People living in the 'safest' places in the world

For over 30 years, Mauro Morandi was the only resident of the beautiful Mediterranean island and that helped keep him safe from Covid-19.

Morandi, a 81-year-old former Italian teacher, came to Budelli Island, off the island of Sardinia by accident when trying to sail from Italy to Polynesia in the central Pacific 31 years ago. He loved the clear water, the coral reef and the beautiful sunset here and decided to stay. Morandi takes over the island from the previous sitter.

Morandi was dubbed Robinson Crusoe of Italy. Even so, he still updated the news about the outside world. He knew that Italy had a national blockade when Covid-19 became serious in this country with more than 47,000 people infected, more than 4,000 people died and about 5,100 people recovered.

In a lonely world, Morandi finds himself in "the safest place on Earth".

"I'm fine, I'm not afraid," he said by phone. "I feel safe here. The island itself is a comprehensive protective barrier. There is no risk. Nobody comes here, I don't even see any boats passing by."

Morandi's main concern is the situation of family and friends. They live in Modena, northern Italy, one of the worst affected areas. "They are facing hard times," he said.

Morandi's life has not changed much since Covid-19 broke out in Italy, except that he had to wait longer to receive food from the mainland due to the strict restrictions of the government. This also means that the island's tourist visits have ended. Over the years, Morandi has been accustomed to welcoming these people, making friends with them and sometimes eating with them even though not many guests come to the island and they don't stay overnight.

Left alone, Morandi spends the day admiring the sea, breathing fresh air, collecting firewood, cooking and posting it on Instagram.

"I get bored, so I kill time by taking photos of beaches, wildlife and landscapes, editing photos and then sharing on Instagram and other social networks," he said. "I have a lot of followers."

Morandi said that if the blockade continues, visitors will not come to the island at least until July, but the prospect of a quieter summer does not worry him.

He has advice for people who are "isolated from the community" in Italy and elsewhere. He said that "there is no need to be sad at home for a few weeks", instead, this is an opportunity to reflect more on yourself and life.

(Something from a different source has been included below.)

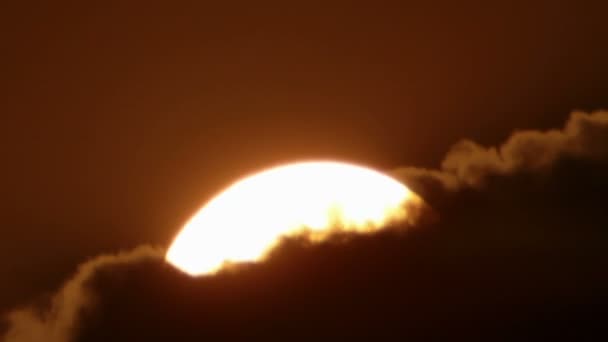 太阳在天空上 — 图库视频影像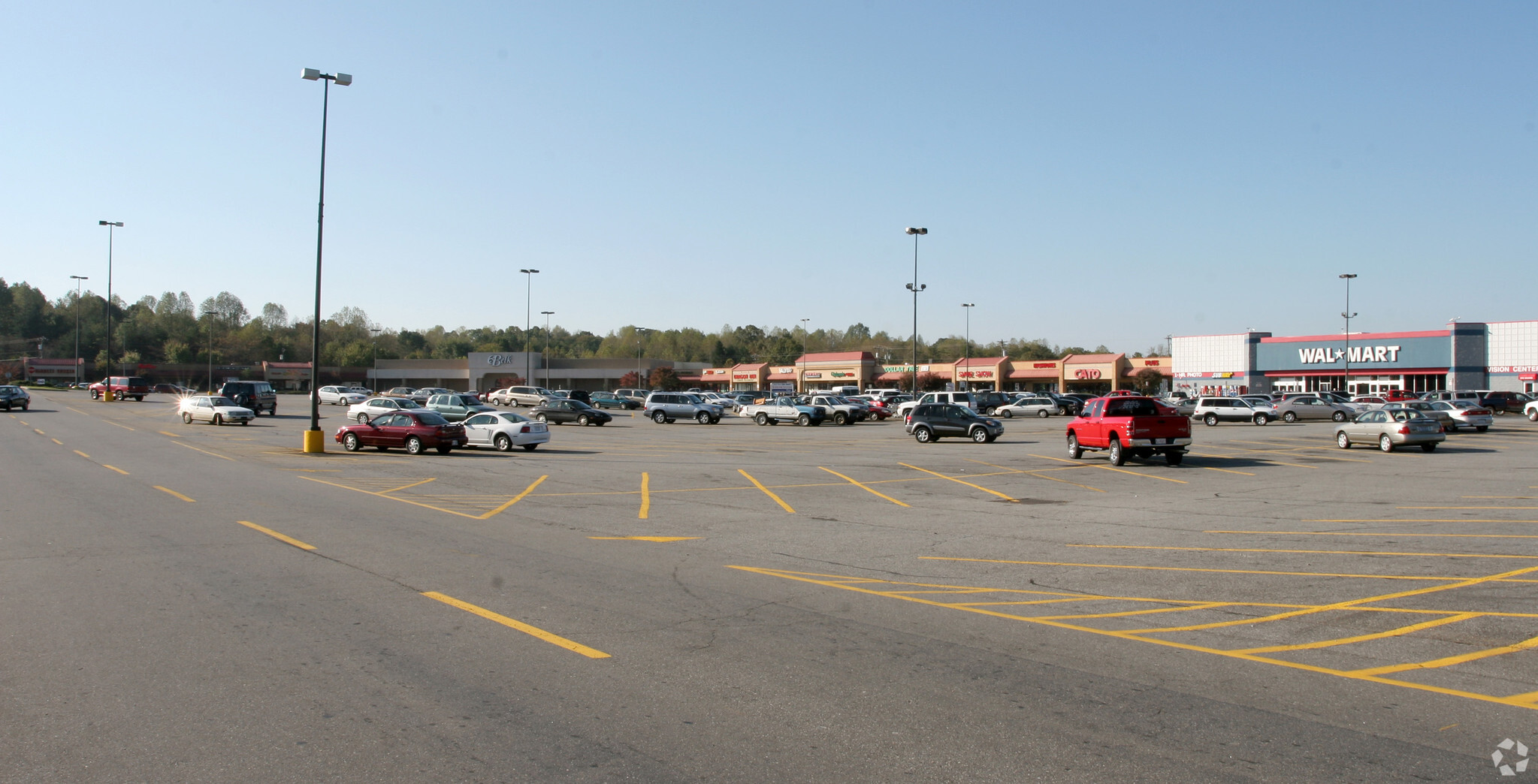 2099-2195 North Bridge St, Elkin, NC for lease Building Photo- Image 1 of 14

Italy has tightened travel restrictions to curb the spread of nCoV, but dozens of Italians have been fined over the past few days for leaving home for non-emergency reasons, such as walking in the park or on the beach.

Morandi said the Mediterranean winter is tougher than many people think, leaving him to stay indoors for a few months. "I close the door every winter, I don't walk around the island for a few months, but instead I kill time on the porch. So why can't people stay in the house for two weeks? Really physical!".